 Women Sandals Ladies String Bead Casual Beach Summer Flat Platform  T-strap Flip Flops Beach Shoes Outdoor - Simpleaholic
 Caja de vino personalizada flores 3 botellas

=====

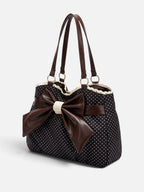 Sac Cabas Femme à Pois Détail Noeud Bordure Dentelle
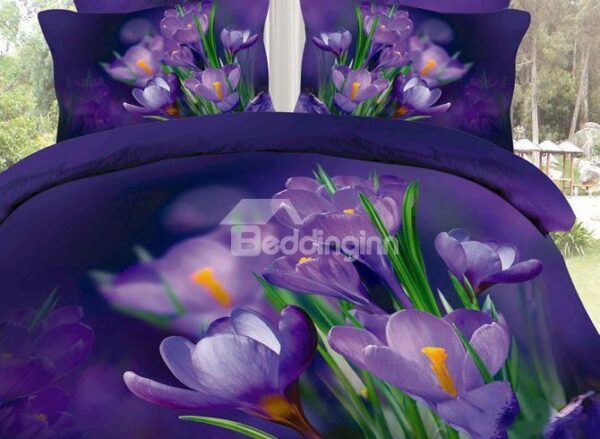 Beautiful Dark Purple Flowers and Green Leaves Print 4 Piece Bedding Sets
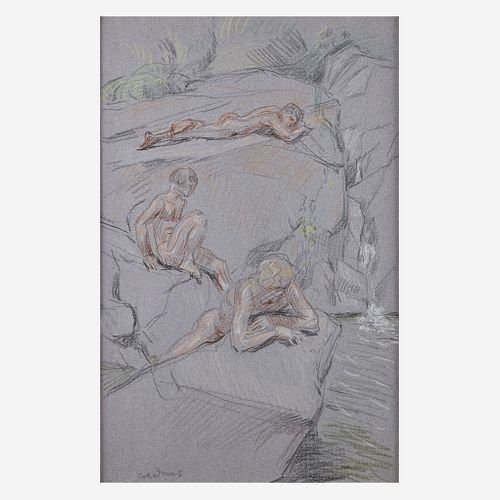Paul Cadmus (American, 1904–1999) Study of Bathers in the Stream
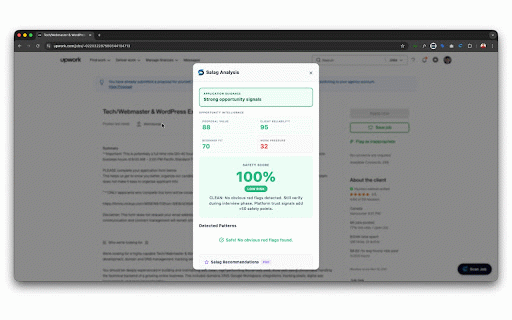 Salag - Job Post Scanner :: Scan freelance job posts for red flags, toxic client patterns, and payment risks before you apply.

=====

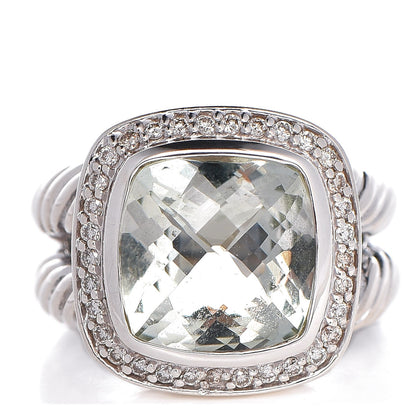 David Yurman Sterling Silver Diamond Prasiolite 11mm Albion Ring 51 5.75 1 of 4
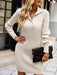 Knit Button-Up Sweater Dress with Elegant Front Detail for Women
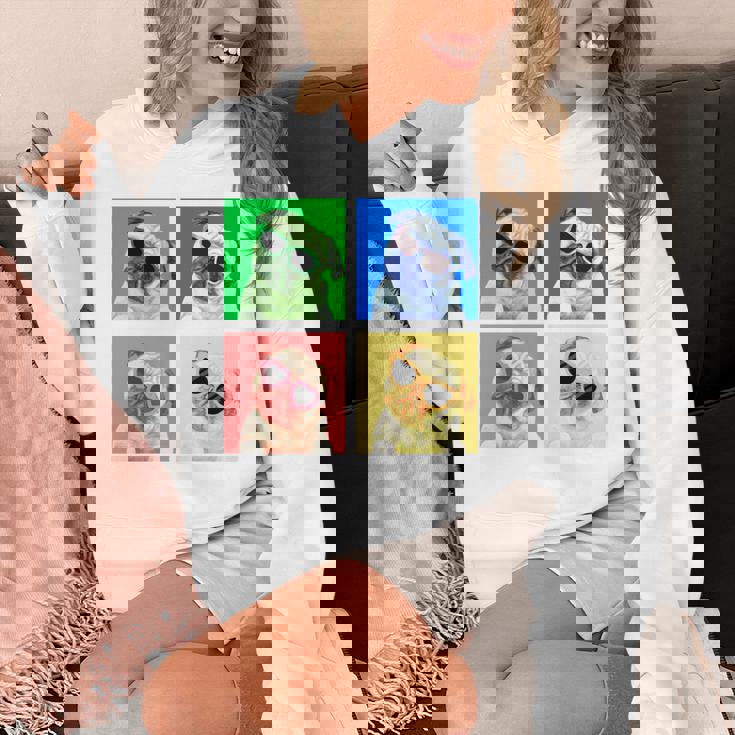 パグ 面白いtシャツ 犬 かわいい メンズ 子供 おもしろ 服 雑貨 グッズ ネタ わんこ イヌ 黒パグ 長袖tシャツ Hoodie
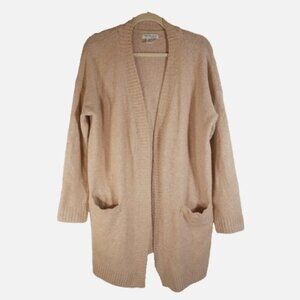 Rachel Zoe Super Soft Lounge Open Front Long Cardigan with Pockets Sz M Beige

=====

• [WHAT IS EXPECTED] Given the listing above, retype only the span of lines from the line with "Knit Button-Up Sweater" up to and including the line with "Rachel Zoe Super", exactly as it stands and without pictures.

• [RESPONSE AREA]
 Knit Button-Up Sweater Dress with Elegant Front Detail for Women
 パグ 面白いtシャツ 犬 かわいい メンズ 子供 おもしろ 服 雑貨 グッズ ネタ わんこ イヌ 黒パグ 長袖tシャツ Hoodie
 Rachel Zoe Super Soft Lounge Open Front Long Cardigan with Pockets Sz M Beige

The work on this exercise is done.